Isolation, exclusion and a lack of acknowledgment. These are the feelings DJ Jordan and Solomon Webb have, not because the college has moved online, but because they are Black students at a predominantly white college in a predominantly white community. Black students make up only six percent of the student body while white students make up about 65 percent. Jordan has looked for a place to belong at the college.
“I did go to KU first before I came here, and I know I didn’t really feel as included as I was there,” Jordan said. “Coming to Johnson County, I guess I wanted to find a place that like, I felt like I belong, and I know in college like not especially sometimes it’s easy for you to think, okay, maybe I don’t belong here, because you don’t have this sense of community here.”
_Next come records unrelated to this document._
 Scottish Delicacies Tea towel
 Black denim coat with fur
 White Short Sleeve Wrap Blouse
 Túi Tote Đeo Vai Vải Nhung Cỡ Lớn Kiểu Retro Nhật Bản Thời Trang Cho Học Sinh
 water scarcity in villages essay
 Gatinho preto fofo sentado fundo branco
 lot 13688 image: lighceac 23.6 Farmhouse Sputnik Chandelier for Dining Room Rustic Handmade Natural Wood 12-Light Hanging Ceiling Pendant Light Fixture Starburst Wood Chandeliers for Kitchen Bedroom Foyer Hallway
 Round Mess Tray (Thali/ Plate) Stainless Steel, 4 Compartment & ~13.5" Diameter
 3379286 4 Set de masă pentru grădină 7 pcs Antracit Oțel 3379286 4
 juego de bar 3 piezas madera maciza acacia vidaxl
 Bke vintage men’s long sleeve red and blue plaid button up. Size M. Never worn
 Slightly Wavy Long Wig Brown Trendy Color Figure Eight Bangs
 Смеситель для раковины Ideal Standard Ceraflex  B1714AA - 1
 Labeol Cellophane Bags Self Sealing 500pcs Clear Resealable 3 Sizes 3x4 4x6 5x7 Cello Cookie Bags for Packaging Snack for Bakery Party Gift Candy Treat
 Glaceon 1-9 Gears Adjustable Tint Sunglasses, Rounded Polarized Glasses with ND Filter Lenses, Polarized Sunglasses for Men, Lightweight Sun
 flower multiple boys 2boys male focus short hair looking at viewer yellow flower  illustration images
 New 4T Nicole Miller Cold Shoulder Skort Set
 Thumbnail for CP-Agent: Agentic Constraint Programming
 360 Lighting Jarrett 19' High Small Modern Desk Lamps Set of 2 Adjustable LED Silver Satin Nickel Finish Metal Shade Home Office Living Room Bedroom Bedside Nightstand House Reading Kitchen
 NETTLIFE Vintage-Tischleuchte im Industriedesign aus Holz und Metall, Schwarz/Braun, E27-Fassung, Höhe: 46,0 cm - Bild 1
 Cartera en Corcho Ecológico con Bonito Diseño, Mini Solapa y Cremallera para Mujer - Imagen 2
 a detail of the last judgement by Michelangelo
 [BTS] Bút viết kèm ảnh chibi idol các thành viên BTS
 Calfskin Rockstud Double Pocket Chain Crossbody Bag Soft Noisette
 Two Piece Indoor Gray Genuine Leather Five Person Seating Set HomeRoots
Jordan and Webb have since joined the college’s Black Student Union (BSU). Every Wednesday the union meets through Zoom to discuss increasing membership, spreads information about African American history and seeks to foster a community among its members.
“Not only did we bond as a group, but we built a bond with each other individually and collectively,” Webb said. “When students hear that the term Black Student Union, they feel like it is predominantly for Black students. Mind you, it’s not just for African-Americans, it’s open to all nationalities.”
Jordan and Webb agree the college could be doing more to include Black students, including a greater emphasis on celebrating holidays like Martin Luther King Jr. Day and Juneteenth, as well as teaching about Black leaders such as Malcom X. The lack of a prominent celebration of Black History Month has frustrated the BSU.
“It’s almost as if they rely on the Black Student Union to do that for them, when they should be doing it as well,” Jordan said. “It’s going to make everyone in the Black Student Union think ‘okay, it’s up to us to make everyone know about Black History Month’ when the college should do that themselves.
Year round, Jordan and Webb would like to see the college take on a more active role in educating students on African American history. The BSU has taken it upon itself to educate its members in the meantime.
“[The BSU has been] basically doing what the college isn’t doing, putting more emphasis on Black people, Black history and things like that,” Jordan said. “When we had the first meeting this semester welcoming the news students, we asked them what they wanted to learn and what they were expecting of the group, so we can help meet that goal.”
“What I recall from the last meeting was everyone wanting to learn more about the history and the unknown heroes,” Webb said. “Not the heroes that we like predominantly hear about in the education system, but heroes [that] aren’t really preached about in history lessons like Emmett Till and other historical figures that aren’t really mentioned that much in the history books.”
Jordan and Webb both hope that the BSU community will continue to grow into the rest of the year.